Department of Psychology, University of New Brunswick.
Department of Psychology, St. Francis Xavier University.
Personal Disord. 2023 Sep;14(5):579-583. doi: 10.1037/per0000627. Epub 2023 May 18.
Treatment dropout is high among outpatients with borderline personality disorder (BPD) and is associated with myriad negative therapeutic and psychosocial outcomes. Identifying predictors of treatment dropout can inform treatment provision for this population. The present study investigated whether symptom profiles of static and dynamic factors could predict treatment dropout. Treatment-seeking outpatients with BPD ( = 102) completed pre-treatment measures of BPD symptom severity, emotion dysregulation, impulsivity, motivation, self-harm, and attachment style to determine their collective impact on dropout prior to 6 months of treatment. Discriminant function analysis was used to classify group membership (treatment dropout vs. nondropout) but did not produce a statistically significant function. Groups were distinguished by baseline levels of emotion dysregulation with higher dysregulation predicting premature treatment dropout. Clinicians working with outpatients with BPD might benefit from optimizing emotion regulation and distress tolerance strategies earlier in treatment to reduce premature dropout. (PsycInfo Database Record (c) 2023 APA, all rights reserved).

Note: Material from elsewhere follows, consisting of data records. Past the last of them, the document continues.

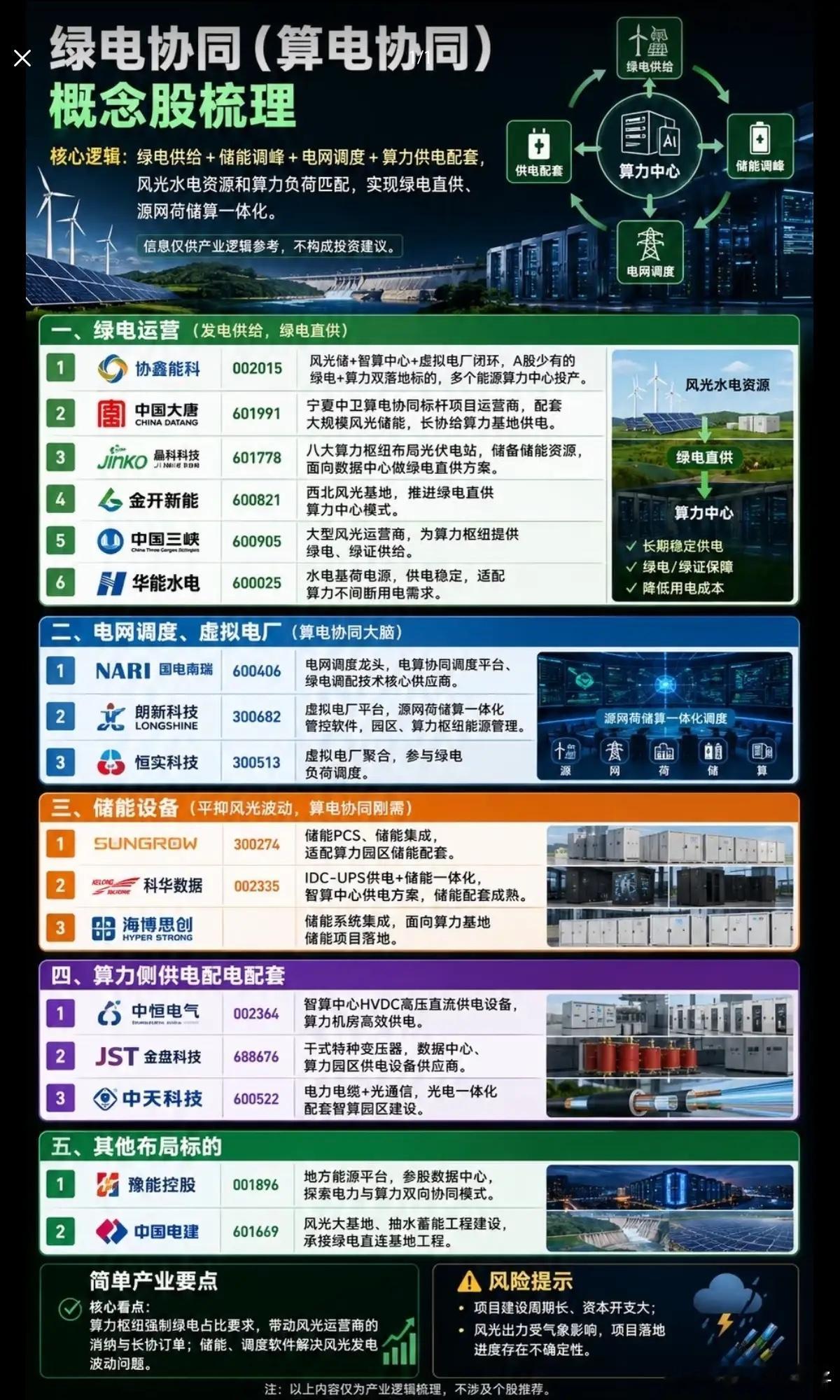  算力耗电难题迎来解法！算电协同，绿电+AI这条新主线浮出水面 ​​​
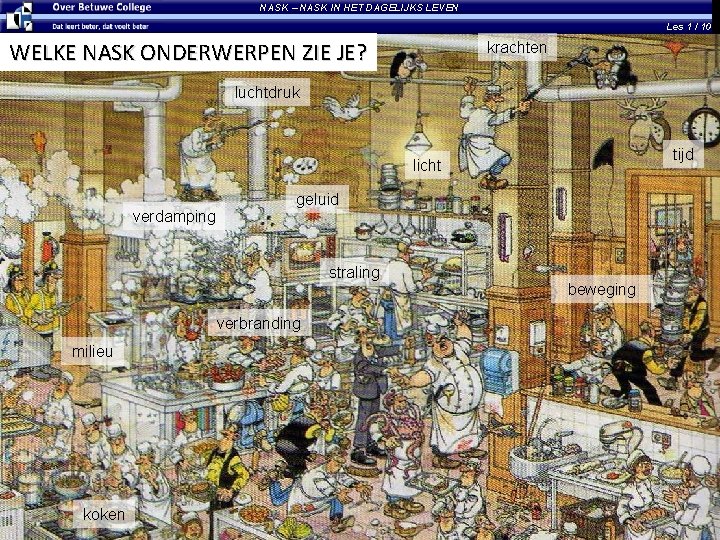 NASK – NASK IN HET DAGELIJKS LEVEN Les 1 / 10 WELKE NASK ONDERWERPEN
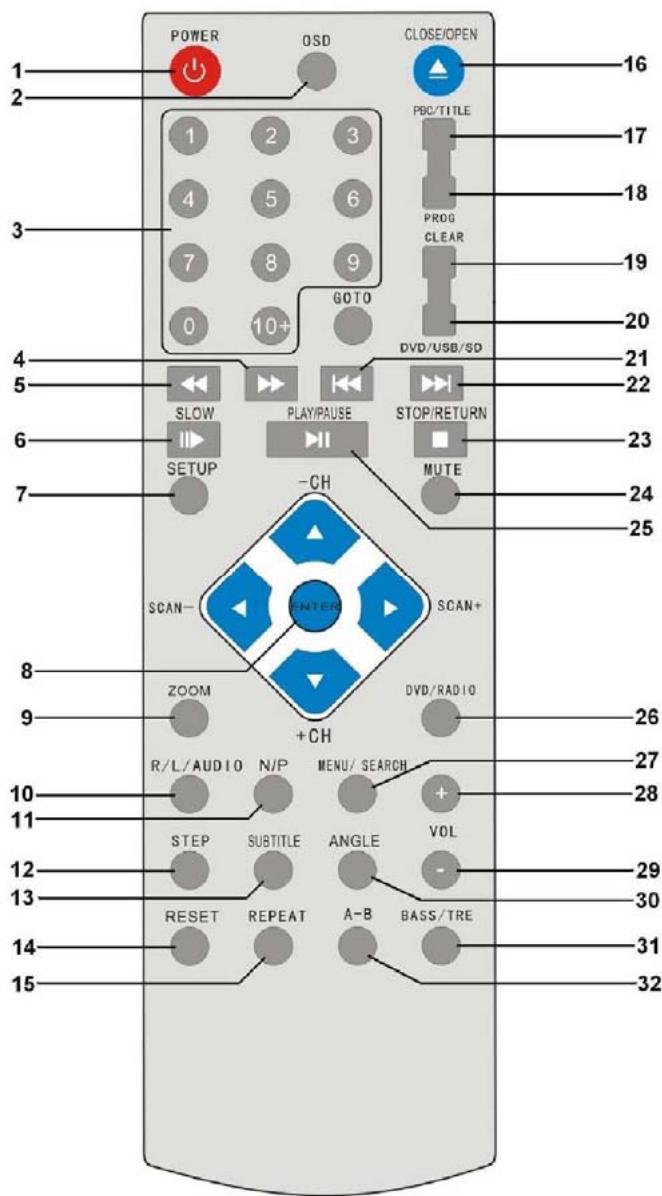 CONTINENTAL EDISON CECH054 - Télécommande - 1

治疗脱落率在边缘型人格障碍(BPD)门诊患者中较高,与众多负面治疗和心理社会结果相关。识别治疗脱落的预测因素可以为该人群的治疗提供信息。本研究调查了静态和动态因素的症状特征是否可以预测治疗脱落。寻求治疗的 BPD 门诊患者(n=102)在治疗前完成了 BPD 症状严重程度、情绪调节、冲动、动机、自残和依恋风格的测量,以确定它们在 6 个月治疗前对脱落的综合影响。判别函数分析用于对组别的归属(治疗脱落与非脱落)进行分类,但没有产生统计学上显著的函数。通过情绪调节的基线水平来区分组别的归属,情绪调节越高,预示着治疗过早脱落。与 BPD 门诊患者合作的临床医生可能会受益于在治疗早期优化情绪调节和压力耐受策略,以减少过早脱落。(PsycInfo 数据库记录(c)2023 APA,保留所有权利)。